*What you will do:* The result is the exact lines from the one containing "-澳门陈光记烧味饭店(万象城店)" through the final line of the entries; leave out the pictures.

*Information supplied:*
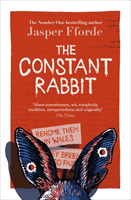Constant Rabbit - The Sunday Times bestseller (Fforde Jasper)(Paperback / softback)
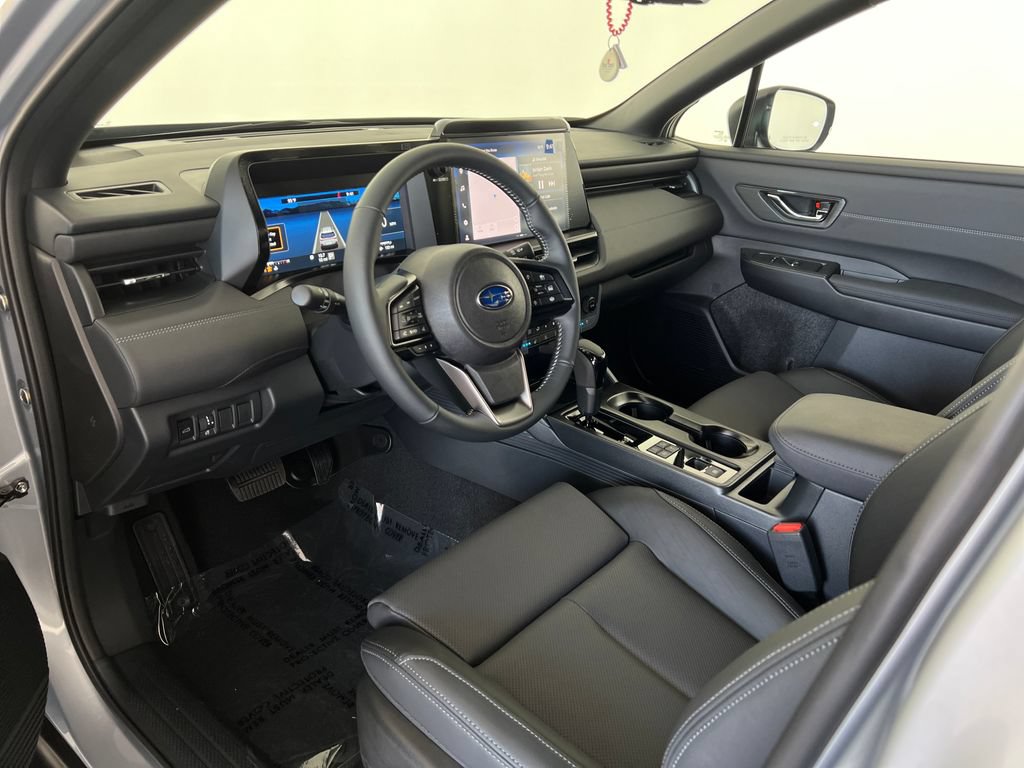 New 2026 Subaru Outback Touring XT AWD/4WD image 19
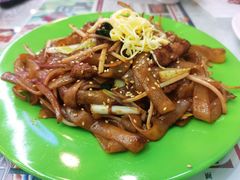 -澳门陈光记烧味饭店(万象城店)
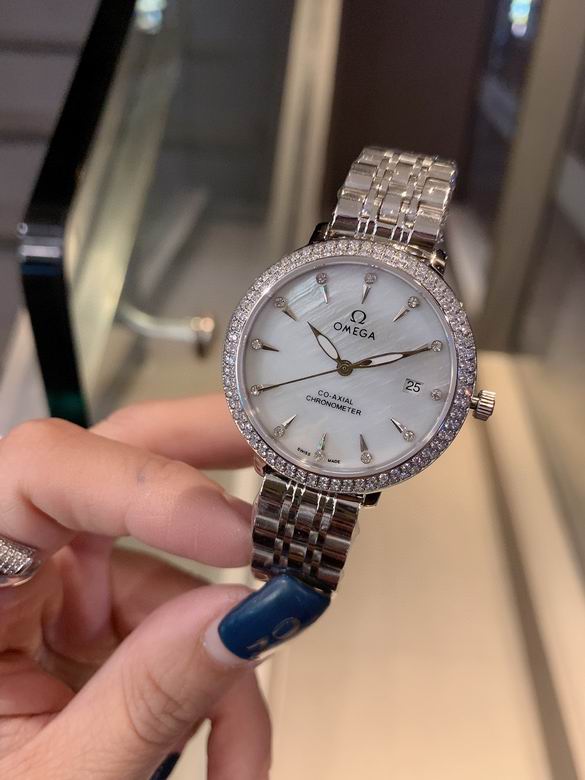 Wholesale Omega Designer Watches For Sale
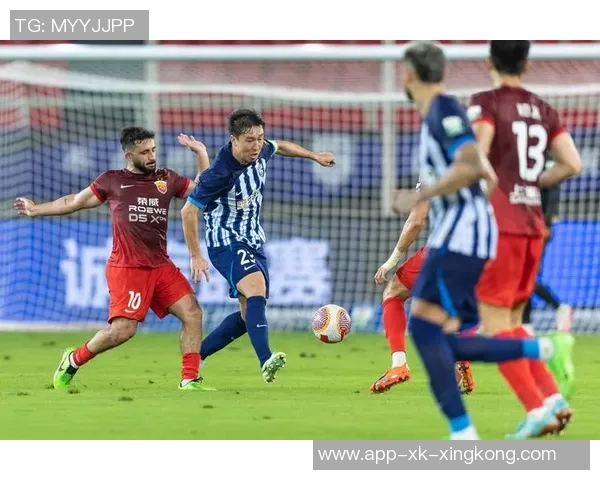 李国旭称战平三镇是近期最佳表现但球队缺乏禁区破门能力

*Written answer:*
 -澳门陈光记烧味饭店(万象城店)
 Wholesale Omega Designer Watches For Sale
 李国旭称战平三镇是近期最佳表现但球队缺乏禁区破门能力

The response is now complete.